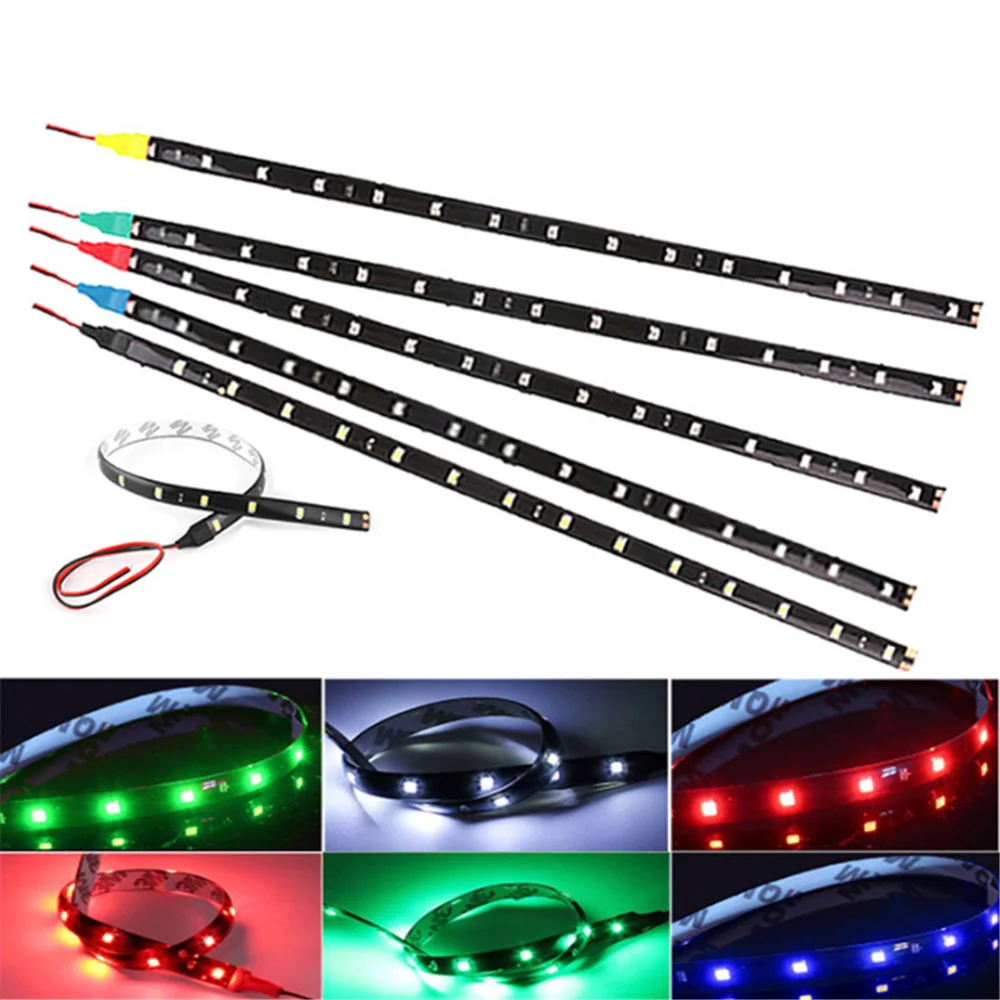 2x Car Led Strip DIY Bulb Atmosphere for Toyota Prius Levin Crown Avensis Previa FJ Cruiser Venza Sienna Alphard ZELAS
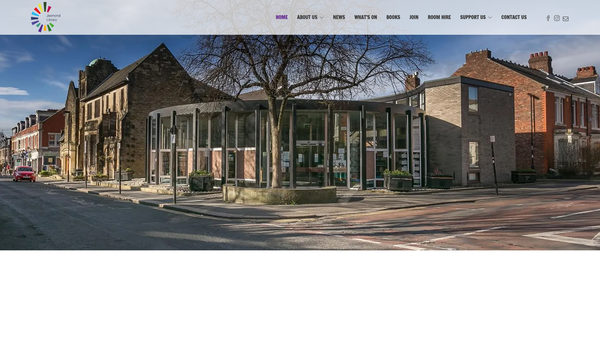 Screenshot of the Friends Of Jesmond Library website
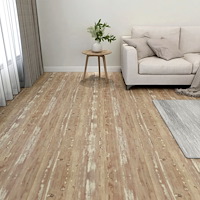 vidaXL Självhäftande golvplankor 20 st PVC 1,86 m² brun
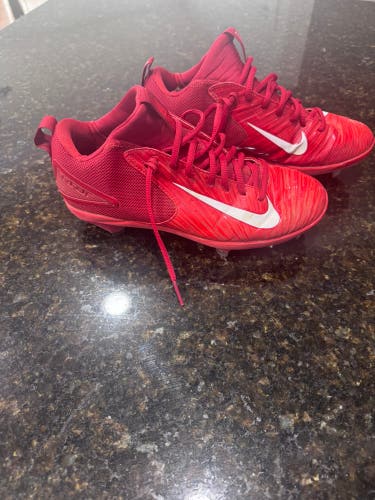 Red Men's Size M 9.5 (W 10.5) Nike Trout Metal (Used)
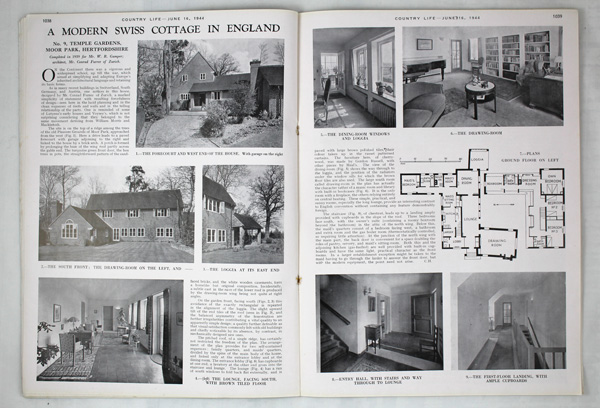 Moor Park (9, Temple Gardens). Architect Mr Conrad Furrer.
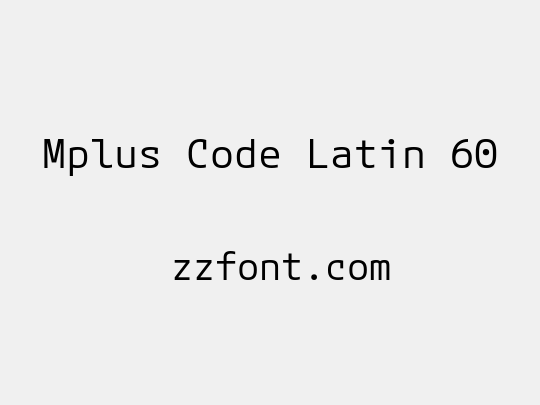 Mplus Code Latin 60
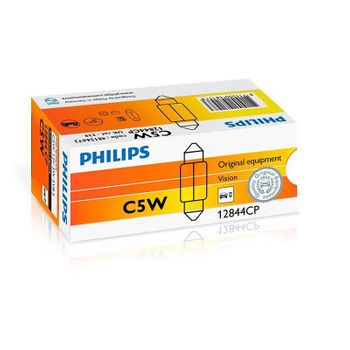 12844cp - 10 Unidades Lámpara Philips C5w 12v5w Sv8,5 Cp.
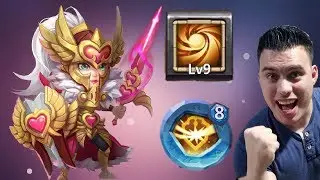 Rosaleen 9 Sacred Light | 8 Survival | Guild Wars | Gameplay | Castle Clash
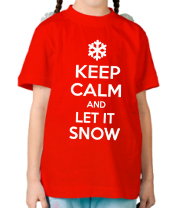 Детская футболка Keep calm and let it snow фото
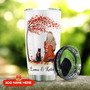Winter With Your Cat Personalized Stainless Steel Tumbler 20Oz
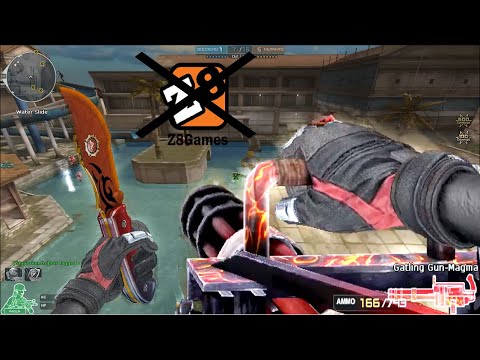 Crossfire NA ( Đột Kích ) 2.0 : Gatling Gun Magma - Hero Mode X - Zombie V4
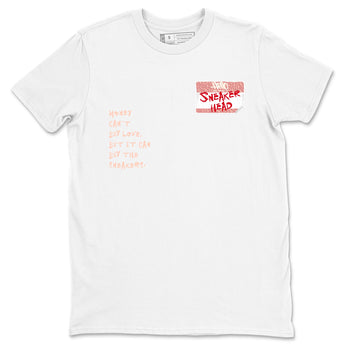 3s Valentines Day shirts to match jordans Sneakerhead Badge best t shirts to wear with jordans Air Jordan 3 Valentines Day match shoes to clothes SNRT Sneaker Tees unisex cotton White 2 shirts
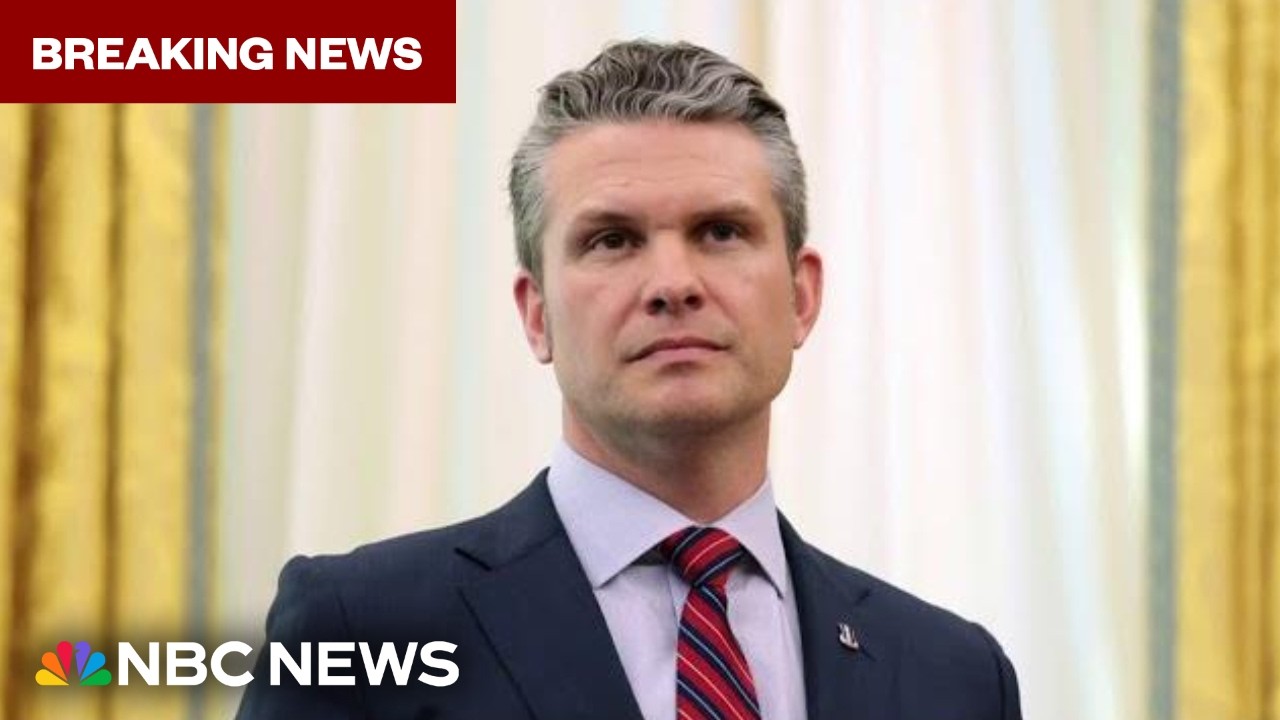 BREAKING: Hegseth considering presidential run, sources tell NBC News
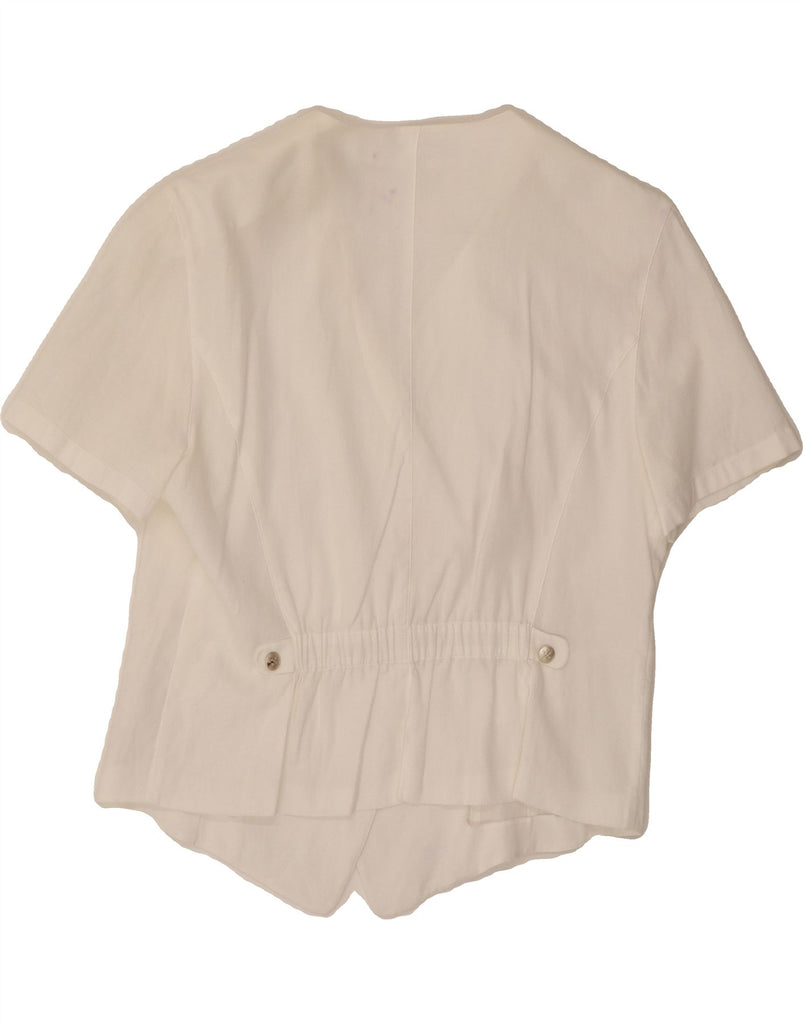 BASLER Womens Blouse Top UK 14 Medium White Vintage Basler and Second-Hand Basler from Messina Hembry 
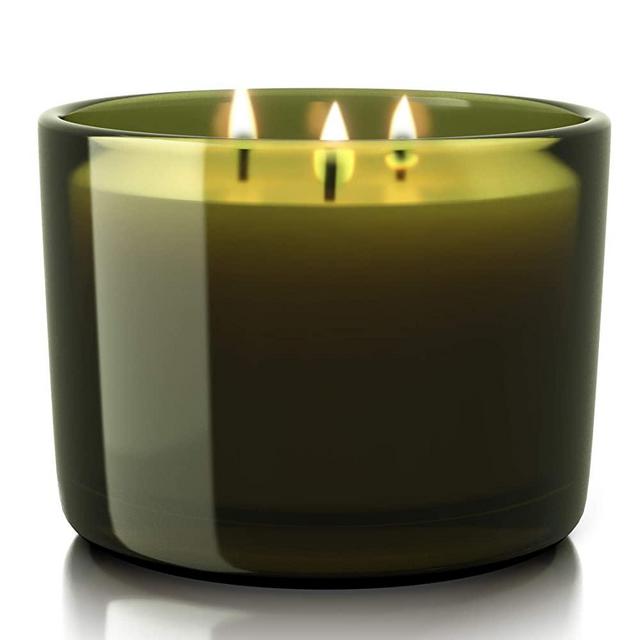 Frasier Fir 3 Wick Scented Candle | Non-Toxic Long Burning Soy Candles | Festive Home Fragrance | 16 oz Heavy Glass Jar | Hand Made in The USA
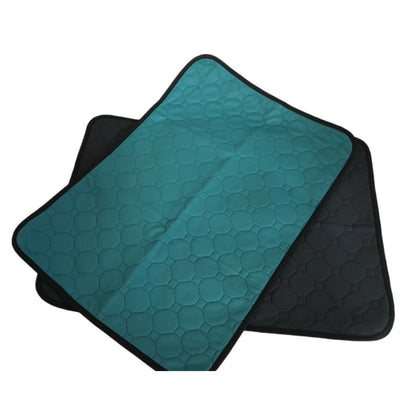  2 Tapis éducateur Lavable Et Réutilisable, M 69 X 41.5 Cm Gris Vert, Pour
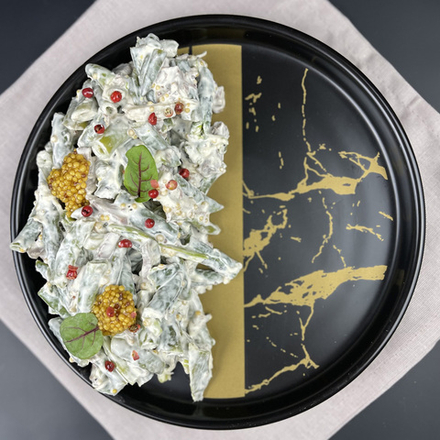 Салат из телятины и зеленой фасоли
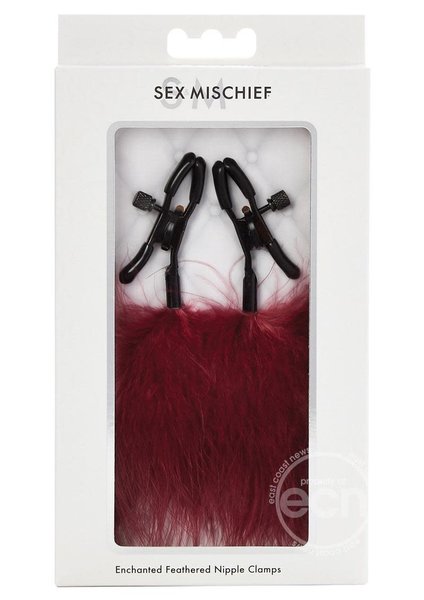 SPORTSHEETS SEX & MISHCIEF ENCHANTED FEATHER NIPPLE CLAMPS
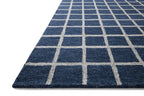 Loloi Chris Loves Julia X Polly Navy/Silver 8'-6'' X 11'-6'' Area Rug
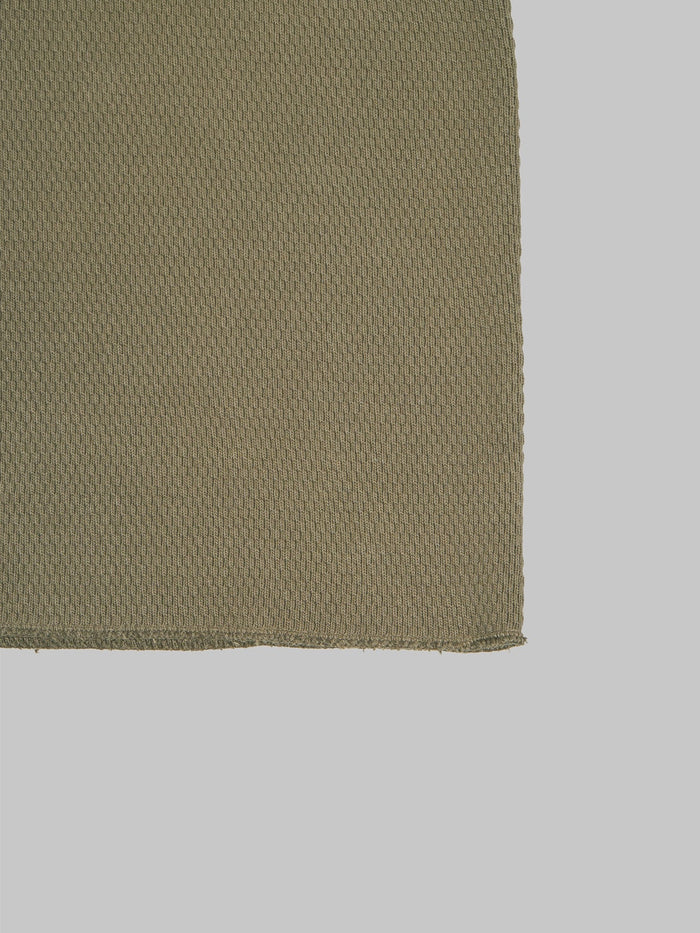 UES Double Honeycomb Thermal TShirt Brown hem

======

**Exercise description:** Please give back the material above exactly as written, pictures omitted.

**Solved exercise:**
 2x Car Led Strip DIY Bulb Atmosphere for Toyota Prius Levin Crown Avensis Previa FJ Cruiser Venza Sienna Alphard ZELAS
 Screenshot of the Friends Of Jesmond Library website
 vidaXL Självhäftande golvplankor 20 st PVC 1,86 m² brun
 Red Men's Size M 9.5 (W 10.5) Nike Trout Metal (Used)
 Moor Park (9, Temple Gardens). Architect Mr Conrad Furrer.
 Mplus Code Latin 60
 12844cp - 10 Unidades Lámpara Philips C5w 12v5w Sv8,5 Cp.
 Rosaleen 9 Sacred Light | 8 Survival | Guild Wars | Gameplay | Castle Clash
 Детская футболка Keep calm and let it snow фото
Winter With Your Cat Personalized Stainless Steel Tumbler 20Oz
 Crossfire NA ( Đột Kích ) 2.0 : Gatling Gun Magma - Hero Mode X - Zombie V4
 3s Valentines Day shirts to match jordans Sneakerhead Badge best t shirts to wear with jordans Air Jordan 3 Valentines Day match shoes to clothes SNRT Sneaker Tees unisex cotton White 2 shirts
 BREAKING: Hegseth considering presidential run, sources tell NBC News
 BASLER Womens Blouse Top UK 14 Medium White Vintage Basler and Second-Hand Basler from Messina Hembry 
 Frasier Fir 3 Wick Scented Candle | Non-Toxic Long Burning Soy Candles | Festive Home Fragrance | 16 oz Heavy Glass Jar | Hand Made in The USA
  2 Tapis éducateur Lavable Et Réutilisable, M 69 X 41.5 Cm Gris Vert, Pour
 Салат из телятины и зеленой фасоли
 SPORTSHEETS SEX & MISHCIEF ENCHANTED FEATHER NIPPLE CLAMPS
 Loloi Chris Loves Julia X Polly Navy/Silver 8'-6'' X 11'-6'' Area Rug
 UES Double Honeycomb Thermal TShirt Brown hem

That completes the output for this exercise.